3. builtin functions and regparm interaction

the above mentiond bug/feature is documented in bug #3997 already, basically
the issue is that when llvm emits builtin functions calls, it has to use some
calling convention and arguably the desired regparm value may not be available
or even well defined at that stage. to this i'd like to add two observations:

- with mregparm support it'd be possible to pass this value down to the llvm
   layer and take it into account when generating said functions calls,

- gcc does this already albeit it gives a warning when in hosted mode, but not
   in freestanding mode

since for now builtins are always emitted with regparm=0, normal callers must
follow the same so in linux these functions need an explicit attribute to override
the mregparm=3 as used for everything else in the kernel. this is manageable but
was somewhat annoying to debug one by one :wink: and also i don't think it'd be accepted
upstream.

4. unimplemented gcc command line switches

there're some switches that are used by the linux Makefiles but not yet implemented
in clang. beyond the noise (unless surpressed with -Qunused-arguments) there's actually
a problem caused by one of them: -fno-optimize-sibling-calls. it appears that this
optimization cannot be controlled in llvm and as a result some assumptions that the
kernel makes about the call chain depth at certain points will be invalid (some
tracing/logging code wants to look up the callers 2-3 levels up and due to this
optimization it can result in the code dereferencing userland frame pointer values).
for now i worked this around at the few places i ran into so far, but this should be
fixed in llvm and clang i think.

5. -Wformat false positives

there's some recent change here which makes clang complain about a lot of format
strings that are valid in linux (being a freestanding environment and sporting its
own format string parser, not to mention extensions). i don't know what the right
solution here would be though, but this causes lots of noise during compilation
(and turning the warning off may miss real problems).

6. weak functions and optimization

it appears to be yet another bug in that when a weak function with an empty body
is encountered in a compilation unit, the optimizer assumes that that's there is
to this function and omits passing arguments to calls to the weak function (and
presumably non-empty bodies would trigger other kind of optimizations not necessarily
valid for the overrides).

obviously this is incorrect since the whole point of a weak function is that it
can be overridden in another compilation unit and therefore no assumptions can be
made about it in the optimizer. this particular problem arises in linux in a few
places as weak functions are sometimes used to implement arch specific overrides.

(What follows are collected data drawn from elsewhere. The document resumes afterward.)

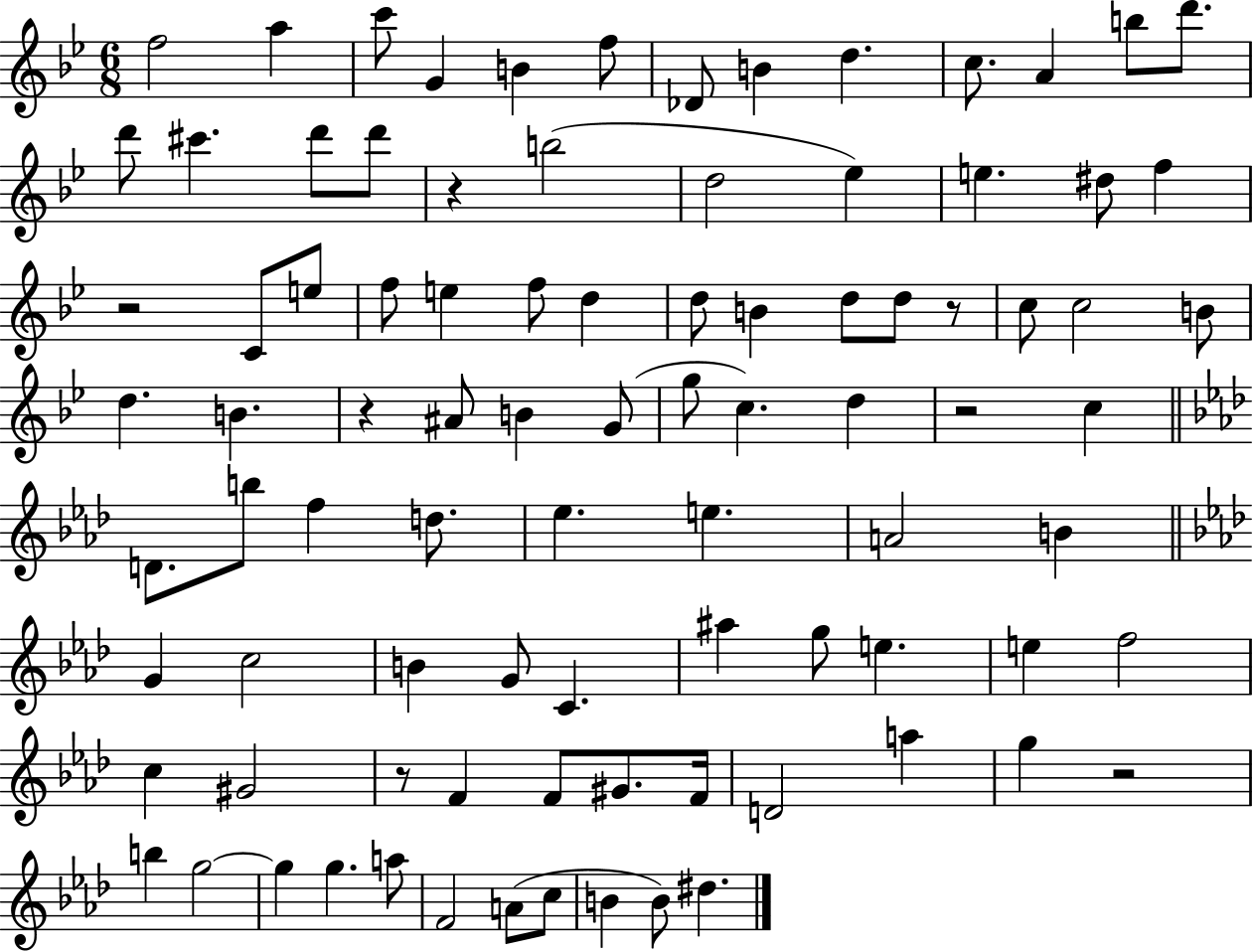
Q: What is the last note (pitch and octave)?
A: D#5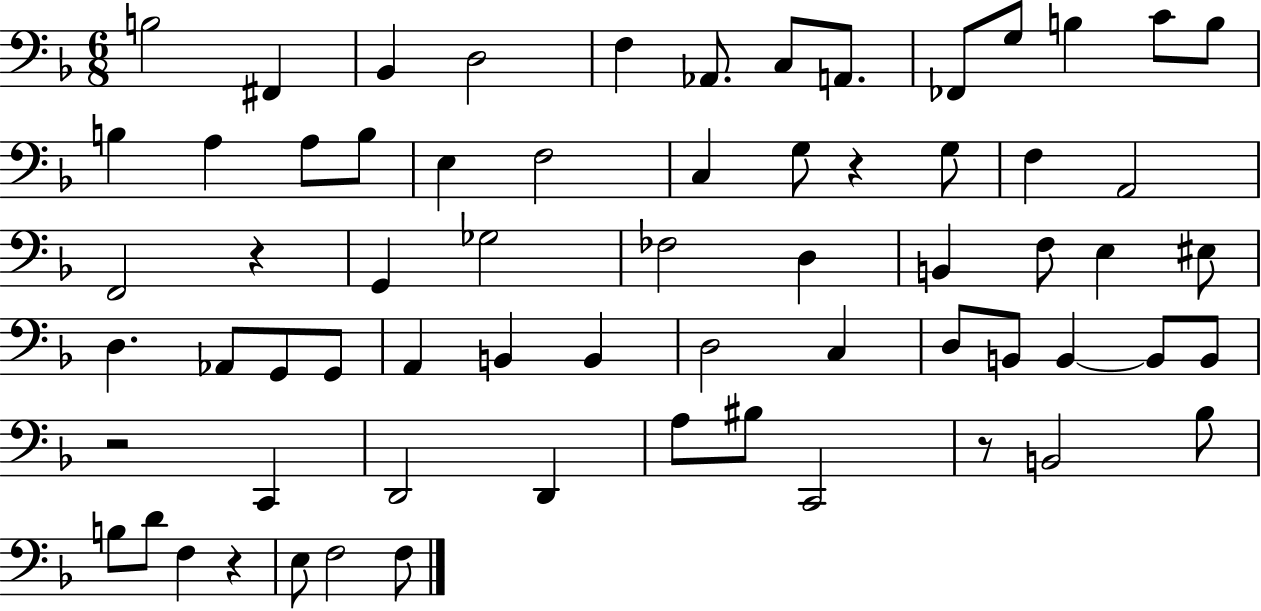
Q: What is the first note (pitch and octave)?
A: B3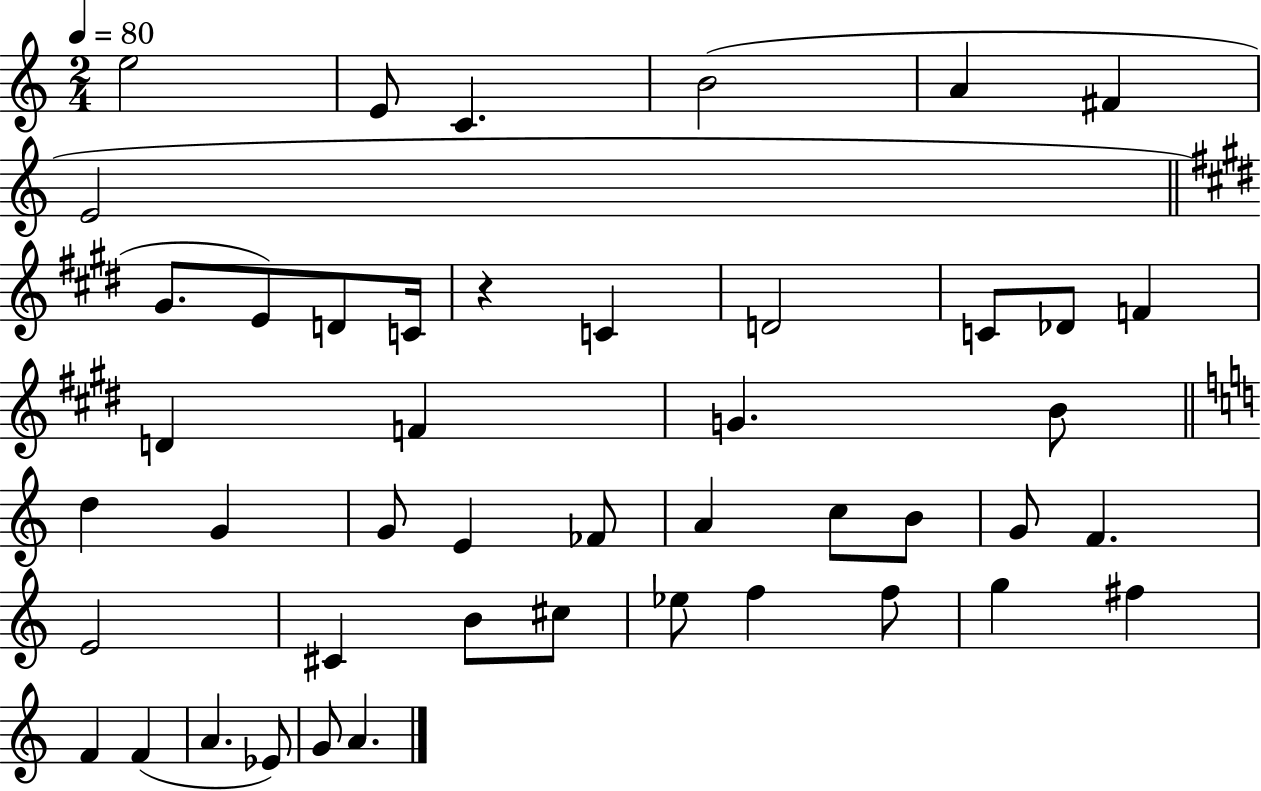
X:1
T:Untitled
M:2/4
L:1/4
K:C
e2 E/2 C B2 A ^F E2 ^G/2 E/2 D/2 C/4 z C D2 C/2 _D/2 F D F G B/2 d G G/2 E _F/2 A c/2 B/2 G/2 F E2 ^C B/2 ^c/2 _e/2 f f/2 g ^f F F A _E/2 G/2 A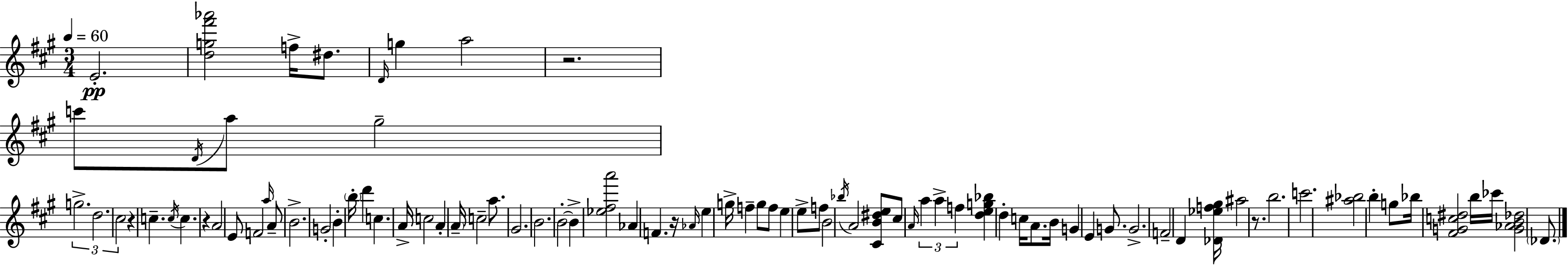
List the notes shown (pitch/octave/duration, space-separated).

E4/h. [D5,G5,F#6,Ab6]/h F5/s D#5/e. D4/s G5/q A5/h R/h. C6/e D4/s A5/e G#5/h G5/h. D5/h. C#5/h R/q C5/q. C5/s C5/q. R/q A4/h E4/e F4/h A5/s A4/e B4/h. G4/h B4/q B5/s D6/q C5/q. A4/s C5/h A4/q A4/s C5/h A5/e. G#4/h. B4/h. B4/h B4/q [Eb5,F#5,A6]/h Ab4/q F4/q. R/s Ab4/s E5/q G5/s F5/q G5/e F5/e E5/q E5/e F5/e B4/h Bb5/s A4/h [C#4,B4,D#5,E5]/e C#5/e A4/s A5/q A5/q F5/q [D5,E5,G5,Bb5]/q D5/q C5/s A4/e. B4/s G4/q E4/q G4/e. G4/h. F4/h D4/q [Db4,Eb5,F5,G#5]/s A#5/h R/e. B5/h. C6/h. [A#5,Bb5]/h B5/q G5/e Bb5/s [F#4,G4,C5,D#5]/h B5/s CES6/s [G4,Ab4,B4,Db5]/h Db4/e.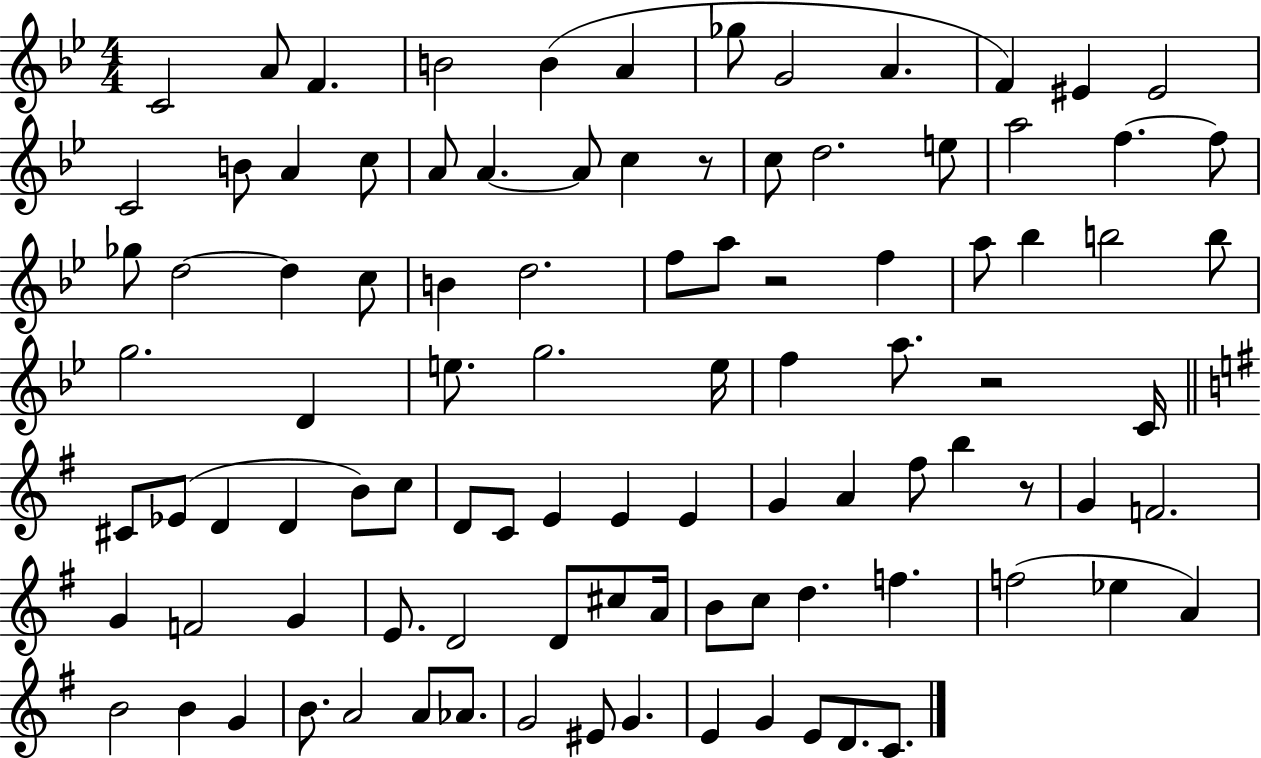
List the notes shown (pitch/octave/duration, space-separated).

C4/h A4/e F4/q. B4/h B4/q A4/q Gb5/e G4/h A4/q. F4/q EIS4/q EIS4/h C4/h B4/e A4/q C5/e A4/e A4/q. A4/e C5/q R/e C5/e D5/h. E5/e A5/h F5/q. F5/e Gb5/e D5/h D5/q C5/e B4/q D5/h. F5/e A5/e R/h F5/q A5/e Bb5/q B5/h B5/e G5/h. D4/q E5/e. G5/h. E5/s F5/q A5/e. R/h C4/s C#4/e Eb4/e D4/q D4/q B4/e C5/e D4/e C4/e E4/q E4/q E4/q G4/q A4/q F#5/e B5/q R/e G4/q F4/h. G4/q F4/h G4/q E4/e. D4/h D4/e C#5/e A4/s B4/e C5/e D5/q. F5/q. F5/h Eb5/q A4/q B4/h B4/q G4/q B4/e. A4/h A4/e Ab4/e. G4/h EIS4/e G4/q. E4/q G4/q E4/e D4/e. C4/e.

7. bounds checking false positives

this came up in the signal handling code, in particular there's a _NSIG_WORDS define
that's used like this:

   switch (_NSIG_WORDS) {
   case 4: /*...*/
   case 2: /*...*/
   case 1: /*...*/
   }

and the different cases index into an array. now the problem is that _NSIG_WORDS
is 2 for i386 but clang still evaluates case 4 and warns about the out-of-bounds
array accesses in there. a similar false positive arises in expressions like this:

  sizeof(long) == 8 ? /*...*/ : /*...*/ ;

where the code meant for the 64 bit archs gets evaluated even on 32 bit archs
and usually gives some warning, depending on the exact statements used. it'd be
nice to fix this somehow.

8. rip relative addressing in mcmodel=kernel

this is amd64 related but i thought i'd mention it here. the third attached patch
allows llvm to generate rip relative accesses for kernel mode code as well (this
is what gcc does too), and this in turn reduces the size of a relocatable kernel.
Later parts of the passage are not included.